Data Henrik: July 2012

Friday, July 27, 2012

A box of ice cream?

Some years back IBM was advertising a very special box. In the commercial they showed what it could be good for. One thing is definitely missing: ice cream. Today is a hot day here in the South of Germany and I am looking forward to some ice cream after work and then some fun at the Kulturufer ("shore of culture" - a well-known tent festival at the shores of Lake Constance in Friedrichshafen with music, theater, comedy, magic, and much more).

But now back to the magic box:

Tuesday, July 17, 2012

Another year passed by: Energy consumption in a passive house

In the first year of living in the new house I kind of read the energy meters more or less weekly, then it turned into bi-weekly to monthly activity. The past year I looked at the meters mostly during the Winter months and almost forgot to read them out last weekend when another year had passed. When you look at the energy consumption, there are surprising numbers:

	2012	2011	2010	2009
Household (kWh)	2597	2605	2473	2244
Heating/Ventilation/Water (kWh)	2713	2713	2858	2782

Even though the past year was a leap year (and had a leap second!!!) the consumption was the same. I had hoped to have a smaller number, but we had some very chilly weeks in February. Household consumption has also stayed constant with most consumers now in place. Most of it should come from cooking, laundry and my home office with computer, monitor, phones, etc.

Our house does not have a smart meter where you can track consumption online and real-time. However, I talked with some "owners" and the bottom line is that after the first few weeks they barely make use of it. It is similar to reading our old-fashioned meters more frequently in the beginning to learn and look for exceptions. Then leaning back once everything seems to run smoothly. Any similarities to a well-tuned database system and regular workloads...?

Friday, July 13, 2012

Big Data, Big Problems, Right Questions?

The term "Big Data" has been around for a while. Most of my time I have dealt with problems around traditional data (relational data), new data structures, non-traditional data, semi-structured data, in-memory data, on-disk data, hard-to-find data, lost data, object-oriented data, object-relational data, old data, new data, archive data, wrong data, corrupted data, THE right data, and all kinds of other data.

Almost daily I receive emails or letters where my name is misprinted, the address is incorrect, or where the email was not even intended for me (long story). Few days ago I listened to a longer discussion about problems with various kind of applications at several companies, all non-IBM-related. One key problem was that due to failing components in a too complex environment, data got outdated, was missing or is incorrect. The consequences impacted the "regular guys", ranging from having no or incorrect parts in an assembly line over not updated timesheets to not being able to "badge in". When I talk with my students at the Cooperative State University (who all have a job in the industry), many of them have seen or had to deal with incorrect or outdated data and "information" based on it.

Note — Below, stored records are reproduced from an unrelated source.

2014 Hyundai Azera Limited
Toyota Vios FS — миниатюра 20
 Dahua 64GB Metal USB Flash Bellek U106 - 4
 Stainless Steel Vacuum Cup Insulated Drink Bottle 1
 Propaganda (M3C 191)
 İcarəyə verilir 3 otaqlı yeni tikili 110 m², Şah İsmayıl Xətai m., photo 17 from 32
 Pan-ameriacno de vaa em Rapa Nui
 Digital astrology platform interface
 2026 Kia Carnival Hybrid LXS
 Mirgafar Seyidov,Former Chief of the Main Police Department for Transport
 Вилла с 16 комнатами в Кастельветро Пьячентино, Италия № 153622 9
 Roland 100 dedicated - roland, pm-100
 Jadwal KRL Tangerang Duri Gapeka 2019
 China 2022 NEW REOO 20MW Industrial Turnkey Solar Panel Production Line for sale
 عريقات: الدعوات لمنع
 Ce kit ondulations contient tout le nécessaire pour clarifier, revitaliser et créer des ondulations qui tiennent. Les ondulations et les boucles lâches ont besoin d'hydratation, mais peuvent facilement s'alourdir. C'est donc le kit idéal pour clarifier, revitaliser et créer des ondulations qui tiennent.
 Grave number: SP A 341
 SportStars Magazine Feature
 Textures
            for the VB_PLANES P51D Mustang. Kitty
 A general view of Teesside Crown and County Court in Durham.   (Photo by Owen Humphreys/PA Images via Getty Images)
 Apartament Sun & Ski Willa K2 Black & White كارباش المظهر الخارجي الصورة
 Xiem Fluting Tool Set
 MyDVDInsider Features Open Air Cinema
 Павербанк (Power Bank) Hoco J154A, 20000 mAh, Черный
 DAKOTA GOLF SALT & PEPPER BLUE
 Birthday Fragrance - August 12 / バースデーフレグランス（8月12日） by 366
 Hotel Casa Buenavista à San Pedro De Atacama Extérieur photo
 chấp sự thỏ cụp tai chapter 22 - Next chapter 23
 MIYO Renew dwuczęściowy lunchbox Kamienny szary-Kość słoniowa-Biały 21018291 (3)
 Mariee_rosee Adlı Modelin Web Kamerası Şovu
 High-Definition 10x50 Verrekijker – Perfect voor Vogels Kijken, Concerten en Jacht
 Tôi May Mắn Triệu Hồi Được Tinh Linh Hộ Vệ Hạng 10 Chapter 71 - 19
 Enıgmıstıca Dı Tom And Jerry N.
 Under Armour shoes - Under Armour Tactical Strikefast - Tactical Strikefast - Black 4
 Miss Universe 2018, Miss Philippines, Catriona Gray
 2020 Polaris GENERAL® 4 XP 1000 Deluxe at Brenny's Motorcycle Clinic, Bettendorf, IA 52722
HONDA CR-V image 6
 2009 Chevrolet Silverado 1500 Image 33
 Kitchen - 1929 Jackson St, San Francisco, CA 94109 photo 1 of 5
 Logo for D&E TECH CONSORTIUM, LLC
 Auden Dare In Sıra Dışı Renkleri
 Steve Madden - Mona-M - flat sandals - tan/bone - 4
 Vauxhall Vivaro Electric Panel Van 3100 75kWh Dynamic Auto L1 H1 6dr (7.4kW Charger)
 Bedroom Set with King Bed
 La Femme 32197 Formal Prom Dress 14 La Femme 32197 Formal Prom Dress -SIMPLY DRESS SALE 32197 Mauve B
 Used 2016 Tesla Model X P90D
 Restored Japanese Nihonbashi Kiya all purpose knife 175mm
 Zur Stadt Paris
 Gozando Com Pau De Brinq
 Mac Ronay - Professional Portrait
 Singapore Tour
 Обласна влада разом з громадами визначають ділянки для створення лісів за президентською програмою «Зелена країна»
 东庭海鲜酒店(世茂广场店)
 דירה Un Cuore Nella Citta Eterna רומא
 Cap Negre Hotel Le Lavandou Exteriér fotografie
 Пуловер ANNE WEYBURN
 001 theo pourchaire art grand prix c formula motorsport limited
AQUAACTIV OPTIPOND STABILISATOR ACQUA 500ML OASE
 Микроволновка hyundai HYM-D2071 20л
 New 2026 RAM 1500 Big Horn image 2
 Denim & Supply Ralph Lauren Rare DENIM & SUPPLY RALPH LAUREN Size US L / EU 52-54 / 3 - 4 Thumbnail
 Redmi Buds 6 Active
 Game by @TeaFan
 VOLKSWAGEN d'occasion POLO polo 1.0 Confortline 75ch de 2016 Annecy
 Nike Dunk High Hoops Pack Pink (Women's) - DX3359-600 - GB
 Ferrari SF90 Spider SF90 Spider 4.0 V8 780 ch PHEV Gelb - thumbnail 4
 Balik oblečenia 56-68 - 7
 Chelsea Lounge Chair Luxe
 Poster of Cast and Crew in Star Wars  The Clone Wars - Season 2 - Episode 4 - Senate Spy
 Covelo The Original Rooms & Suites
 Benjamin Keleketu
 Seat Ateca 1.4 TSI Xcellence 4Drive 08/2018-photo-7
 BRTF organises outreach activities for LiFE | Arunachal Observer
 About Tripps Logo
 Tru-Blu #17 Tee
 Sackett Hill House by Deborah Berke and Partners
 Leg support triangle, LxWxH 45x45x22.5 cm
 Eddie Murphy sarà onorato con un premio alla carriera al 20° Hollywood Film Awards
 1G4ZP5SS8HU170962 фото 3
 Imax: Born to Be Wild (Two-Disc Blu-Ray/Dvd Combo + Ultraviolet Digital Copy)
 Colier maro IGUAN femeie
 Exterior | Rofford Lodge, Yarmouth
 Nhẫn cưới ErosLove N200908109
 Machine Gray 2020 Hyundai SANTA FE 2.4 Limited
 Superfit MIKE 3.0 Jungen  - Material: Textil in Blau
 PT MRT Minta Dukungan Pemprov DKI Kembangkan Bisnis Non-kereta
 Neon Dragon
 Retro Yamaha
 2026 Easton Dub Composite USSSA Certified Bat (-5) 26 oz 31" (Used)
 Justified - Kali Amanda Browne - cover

The issues remind me of one of the first lessons in physics at school: "Garbage in, garbage out". For Big Data, the amount of data is in a different dimension, but the same principles as with the other data apply. It is important to know that there are or could be issues with the input data. How is that dealt with? Does it impact the algorithms and the result? Is the derived "information" really information? How is the data interpreted? Is it ok to base decisions on them or is it taken as just one of many indicators? Do those dealing with information found from Big Data know the source, is everything fully disclosed? There are many more questions, many of them non-technical. One important question is what questions to ask against the data. Is this to "proof" some speculation and guesswork or to really find out something new that may be validated by further work? And then we are back to a problem we still face since years with existing, "small" data.

Now to a small problem and statistics...:
Over the weekend we will have big fireworks locally here over the Lake Constance. My kids want to watch them for sure. I could point out that only 20% of the persons I considered for my statistical findings will attend. My kids could respond that 70% will attend. They chose people aged 8-80 years, I those aged 0-8 years...

The context counts and asking the right questions, regardless of small or big data.

Tuesday, July 10, 2012

Index something non-existing - functional indexes in DB2

After discussing hidden (non-visible) columns last week, indexing something non-existing fits into the same theme. Let's shed some light into this seemingly mysterious topic...

XML documents and XML-based data modeling have been around for quite some years now. DB2 started its XML support with the XML extender in the late 1990ies (version 7), DB2 pureXML shipped initially with version 9.1. Advantages of using XML include flexibility of what is included in a document (or set of documents) and how sparse data can be represented. In relational NULL values or other "empty" values need to be stored even if data for a property (column) does not exist, in XML documents that particular property could be just left off, i.e., nothing is stored. However, the "nothing is stored", the non-existing data introduced a problem for searching efficiently in some use cases. How do you find all customers that do not have a certain property, e.g., have not received the marketing letter yet or do not own a car?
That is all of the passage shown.